Do Not DeleteRecently I’ve been talking with a number of customers with similar problems. They have systems that are generating high volumes of transaction-level data that they are unable to collect and store in order to use it for analysis. For example, most manufacturers have sensors on their production lines. Every piece of equipment has one or more sensors that is collecting data about the operation. Information like tolerances, temperatures and cycle times all give valuable insight into how the process is going. Very often, these systems are measuring multiple times a minute or even second. This data is used to keep track of processes as they happen but since the data volume is so high, it is either archived or discarded after it is a week or even just a day old. Because the data volume is so high, it’s not really feasible to keep around 1, 5 or 10 years’ worth of it. But, if you had that deep history, imagine how much insight you could gain into your processes. The ability to do trend analysis to detect anomalies that might be missed in a span of days but stick out over months could indicate places where you could improve processes and quality.

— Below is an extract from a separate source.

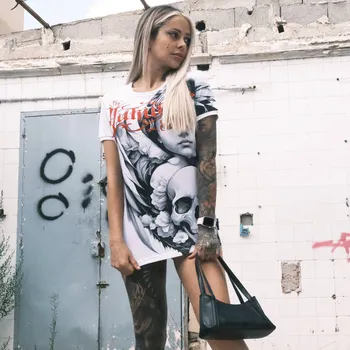 Dámské triko Yakuza Angelic Urban 25121 white velikost: XXL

Manufacturing is one example but many other types of businesses have data that they regularly throw away or ignore because they don’t think it’s relevant to business operations or there is too much of it in a format that is hard to deal with. Web server and other software logs usually accumulate until someone decides to either delete them or archive them. How about survey results? Companies do lots of surveys and then act on the outcome. Do you keep the data accessible so that you can combine past results with new ones and analyze them over time? Do you cross-compare them with your sales results? How about clicks, tweets and likes? Do you have customer comments or product reviews on your web site? Can you correlate them over time and show trends in sentiment toward your products and demonstrate how they impact sales?

The promise of the big data is that it will give you access to all of your data no matter what the volume, source or format. But many companies are saying things like “we want to look into big data but we don’t have time/resources/money right now”. OK, so you’re going to do big data in six months. You still don’t have to throw all that valuable data away between now and then. Those log files, process streams and social feeds have value. Don’t just arbitrarily say “we’ll get to it when we can”. Start collecting that data so that when you are ready to try some analysis on it, you’ll already have built up a stockpile.

“But wait!” I hear you saying. “IT told me it’s too expensive to keep all that data around! They told me all that disk space costs too much!” IT has a point. Disk space in the data center is limited and it can be costly to add more. One great way to mitigate that is to utilize cloud storage like Azure Blob Storage. If you’re new to the concept of cloud beyond the buzzword, it really just means computing services that are hosted by a service provider and made available over the Internet. With cloud-based services, you don’t have to buy any infrastructure or software, you just pay a monthly fee. Microsoft Azure is Microsoft’s umbrella for their cloud-based offerings one of which includes data storage. The term “Blob” (written correctly it’s BLOb) is an acronym for Binary Large Object. It just means a collection of binary data that is stored together. So, put that all together and Azure Blob Storage is Microsoft’s cloud offering for storing large blocks of data. Whew!

Cloud storage has a lot of advantages over storage in the data center:

  • There’s nothing to buy up front, you just sign up for an account and pay monthly.
  • You only pay for what you use. You can reserve 100 terabytes if you want but if you only use one, you only pay for one.
  • Data is stored redundantly either multiple times in the same data center or multiple times around the world. You get to choose how safe you want it to be and you don’t have to worry about backups.
  • You can shut it down at any time if you decide you don’t need it and you’re not out any investment beyond what you paid monthly.
  • IT won’t keep asking you when you’re going to delete all those old files.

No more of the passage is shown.